I did, however, have a brother. He had four children, including, as I learned, a one-month-old with Down Syndrome. He lived in Seattle, and I hadn’t talked to him in six months. Or a year. Or more. Over the phone, he didn’t recognize my voice, and we had an awkward exchange in which we pretended to know each other better than we did. After our five-minute re-acquaintance, I said, “I have a favor, Danny.”

“It’s Dan now. It’s been Dan since I was eighteen.”

I plunged ahead: “It’s a big favor, Dan, but I know how much you love children.”

“If I didn’t love children, God wouldn’t allow me to make them.”

“Right,” I said. “I’m wondering if you’d like one more. Mine. Sammy is his name, but you can call him Sam. See—it rhymes with Dan.”

“No, it doesn’t,” Dan said, but he listened, he asked questions, he seemed interested. I breathed seventeen sighs of relief.
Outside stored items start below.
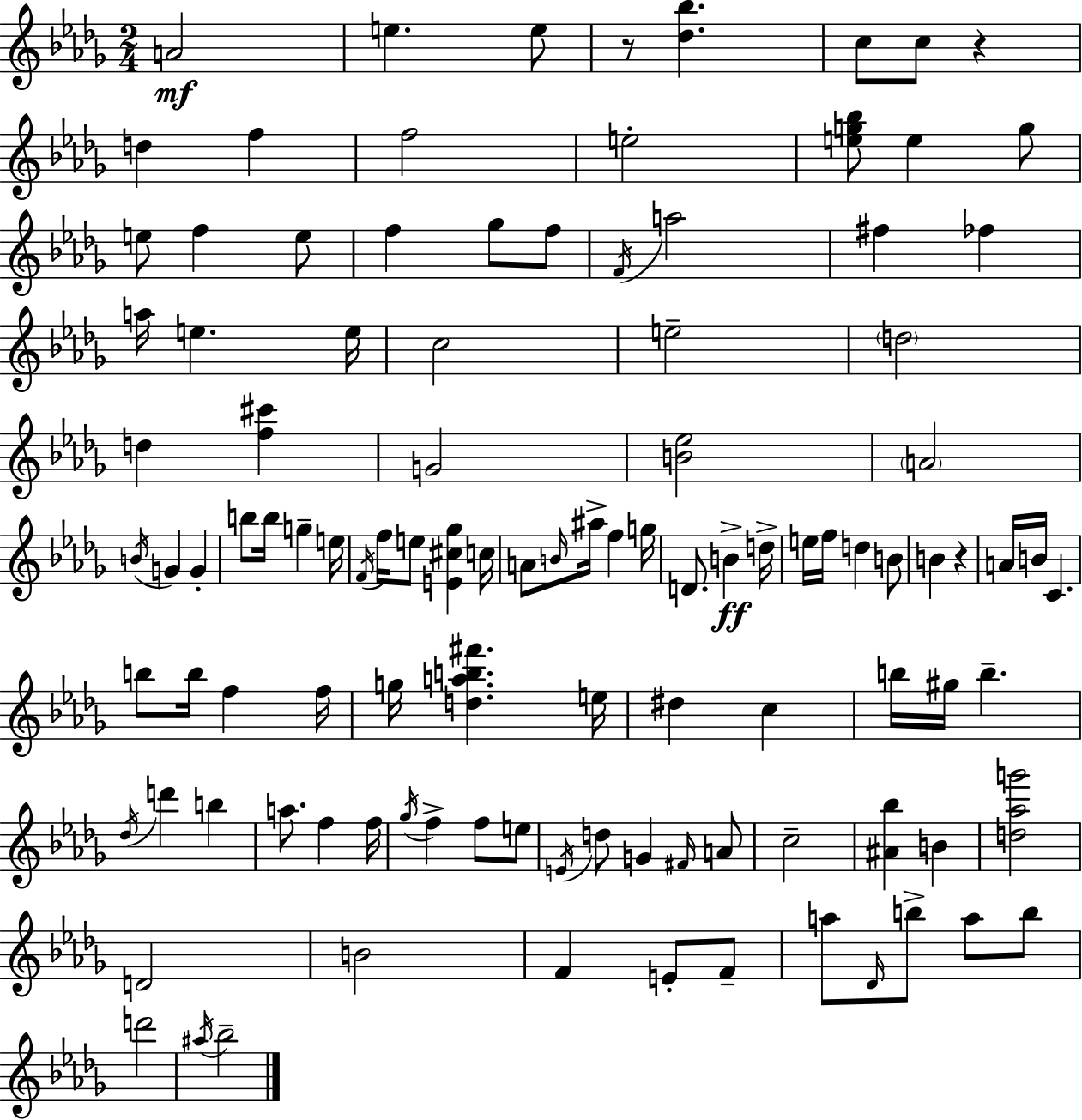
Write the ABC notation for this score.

X:1
T:Untitled
M:2/4
L:1/4
K:Bbm
A2 e e/2 z/2 [_d_b] c/2 c/2 z d f f2 e2 [eg_b]/2 e g/2 e/2 f e/2 f _g/2 f/2 F/4 a2 ^f _f a/4 e e/4 c2 e2 d2 d [f^c'] G2 [B_e]2 A2 B/4 G G b/2 b/4 g e/4 F/4 f/4 e/2 [E^c_g] c/4 A/2 B/4 ^a/4 f g/4 D/2 B d/4 e/4 f/4 d B/2 B z A/4 B/4 C b/2 b/4 f f/4 g/4 [dab^f'] e/4 ^d c b/4 ^g/4 b _d/4 d' b a/2 f f/4 _g/4 f f/2 e/2 E/4 d/2 G ^F/4 A/2 c2 [^A_b] B [d_ag']2 D2 B2 F E/2 F/2 a/2 _D/4 b/2 a/2 b/2 d'2 ^a/4 _b2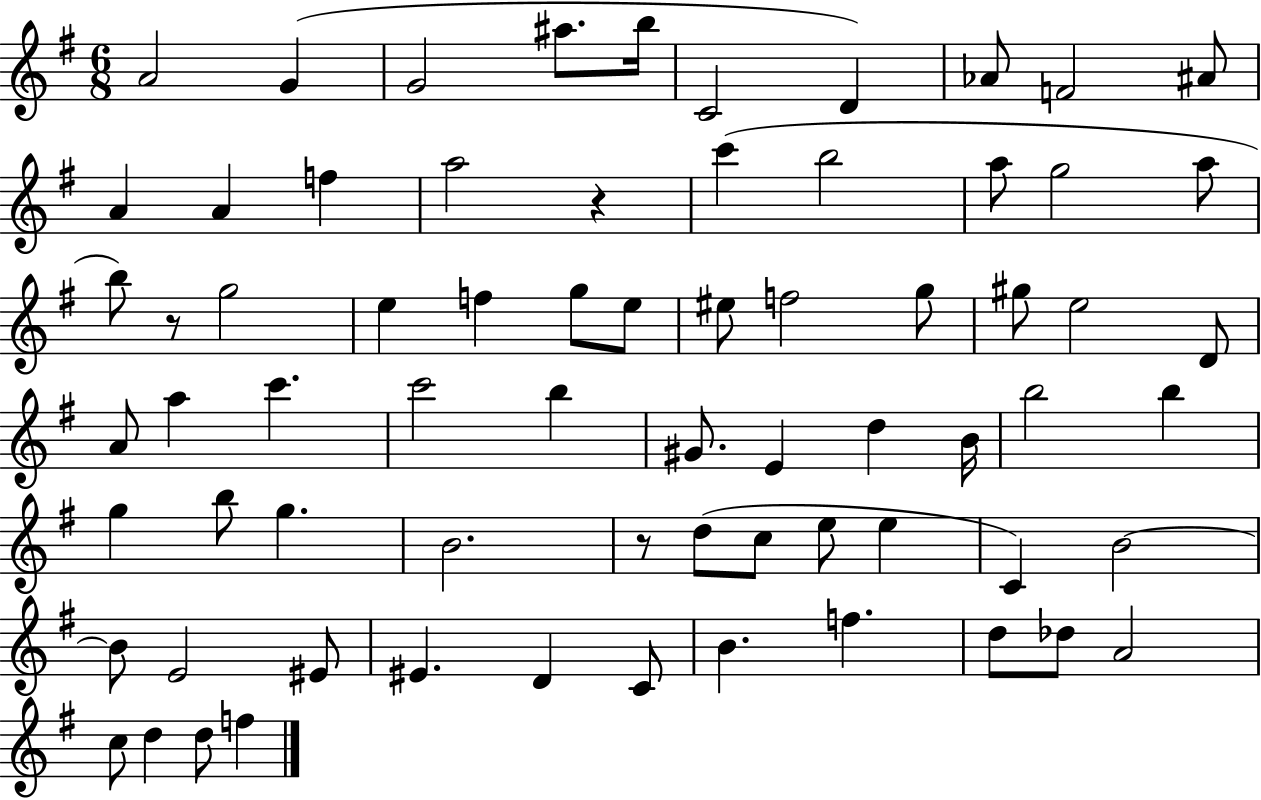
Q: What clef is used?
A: treble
I’d been having nightmare visions of nestling on my couch with the woman whose generous smile and even more generous backside had recently drawn my aesthetic interest only to be interrupted by Sammy’s pleas for milk or orange juice or a more vigorous solution to ending global warming—whatever two-and-a-half-year-olds demand.

“I’ll ask Jo,” Dan said.

“Your son has veto power, huh?” I said.

“Joanne is my wife.”

“I knew that,” I said.

Dan relayed Jo’s answer the next day: No.
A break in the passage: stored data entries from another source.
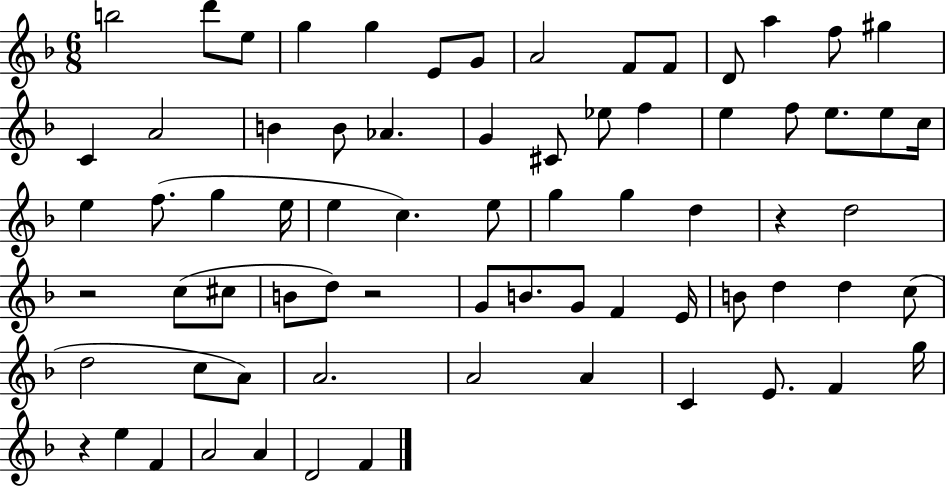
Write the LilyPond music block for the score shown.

{
  \clef treble
  \numericTimeSignature
  \time 6/8
  \key f \major
  b''2 d'''8 e''8 | g''4 g''4 e'8 g'8 | a'2 f'8 f'8 | d'8 a''4 f''8 gis''4 | \break c'4 a'2 | b'4 b'8 aes'4. | g'4 cis'8 ees''8 f''4 | e''4 f''8 e''8. e''8 c''16 | \break e''4 f''8.( g''4 e''16 | e''4 c''4.) e''8 | g''4 g''4 d''4 | r4 d''2 | \break r2 c''8( cis''8 | b'8 d''8) r2 | g'8 b'8. g'8 f'4 e'16 | b'8 d''4 d''4 c''8( | \break d''2 c''8 a'8) | a'2. | a'2 a'4 | c'4 e'8. f'4 g''16 | \break r4 e''4 f'4 | a'2 a'4 | d'2 f'4 | \bar "|."
}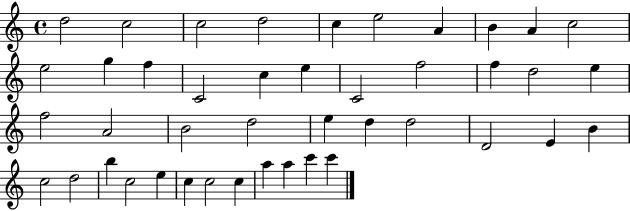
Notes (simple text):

D5/h C5/h C5/h D5/h C5/q E5/h A4/q B4/q A4/q C5/h E5/h G5/q F5/q C4/h C5/q E5/q C4/h F5/h F5/q D5/h E5/q F5/h A4/h B4/h D5/h E5/q D5/q D5/h D4/h E4/q B4/q C5/h D5/h B5/q C5/h E5/q C5/q C5/h C5/q A5/q A5/q C6/q C6/q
“May I talk to her?” I asked my brother.

“About what?”

“About her decision.”

Dan put Jo on. She sounded like she weighed 400 pounds and brushed her teeth with a spatula. I had never before been cowed over the telephone. By the end of our chat, I was huddled in a corner of my kitchen as if awaiting an aerial bombardment.

Jo’s last words to me: “He’s your kid. Step up, mister. Take responsibility.”

I had only one option left: my best friend, Ted.

“Jesus Christ, Ben, are you serious?” Ted said upon hearing my request. “I’m unemployed, and I haven’t been sober in a decade.”

“But you have an extra bedroom.”

“Yeah, but I think rats might be living in it.”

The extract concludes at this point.